Leraren bedenken sportieve acties rondom staking

Drieënhalf uur lopen of 140 kilometer fietsen. Basisschoolleraren bedenken sportieve acties om extra aandacht te krijgen voor de staking van 5 oktober. “Ik ben een onervaren staker en dacht: moet ik dan thuis ’s ochtends koffie gaan drinken?”, zegt intern begeleider Fred Delhaas van de Rotterdamse Emmaschool. Lopend naar Den Haag gaan vindt hij een beter idee.

Tekst Karen Hagen - Redactie Onderwijsblad - - 2 Minuten om te lezen

illustratieludiekeacties

Beeld: Pixabay.

Delhaas is een ervaren wandelaar en een Pieterpadloper. Via sociale media verspreidt hij de poster: ‘Loop mee met de protestwandelmars’. Leraren uit de omgeving Rotterdam kunnen zich aanmelden voor de wandeling. Delhaas: “Ik wilde actief zijn en zei: collega’s zullen we gaan lopen?”
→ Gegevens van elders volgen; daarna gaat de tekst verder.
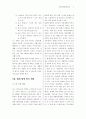 건축 화재 안전관리 5페이지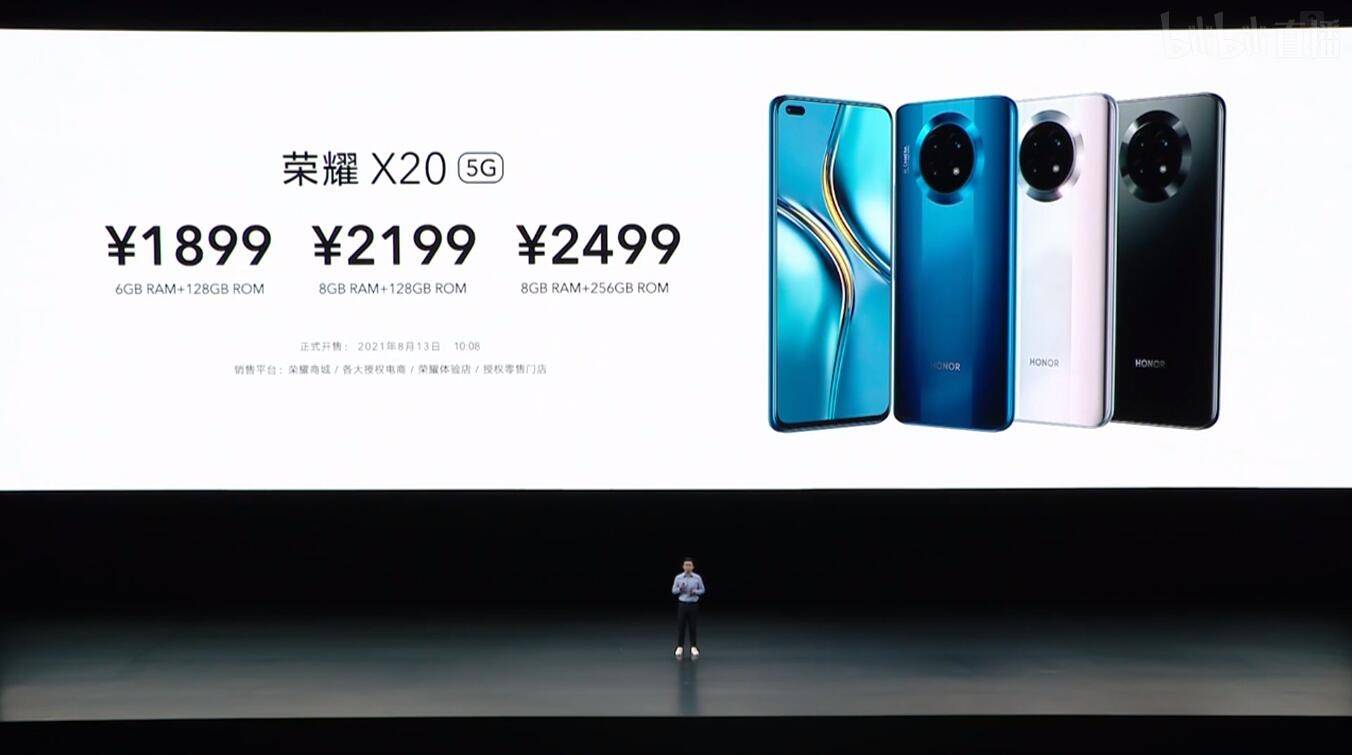 旗舰|荣耀X20发布：66W旗舰快充加持 1899元起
Het oorspronkelijke idee was om vanuit de Emmaschool te gaan, een tocht van 25 km. “De route heb ik iets verkort. Nu vertrekken we eerst met de metro en lopen we vanaf Pijnacker naar het Zuiderpark.” Afgelopen weekend liep Delhaas de route al, hij wilde vooral ook wandelknooppunten gebruiken zodat de stoet langs een mooie route loopt op weg naar de manifestatie.

Staken

“Ik wist gelijk: als je staakt moet je naar Den Haag”, zegt Delhaas. Ondertussen heeft hij acht aanmeldingen binnen van andere docenten die mee gaan lopen. “Ik staak vooral omdat ik mij zorgen maak over de aanwas van leraren. Ik hoor steeds over tekorten en dat er maar geen ziektegolf moet komen. We moeten het beroep leuk houden. En toen ik op het salarisverschil werd gewezen met het voortgezet onderwijs vond ik dat ook wel raar, omdat we allebei een hbo-vooropleiding hebben.”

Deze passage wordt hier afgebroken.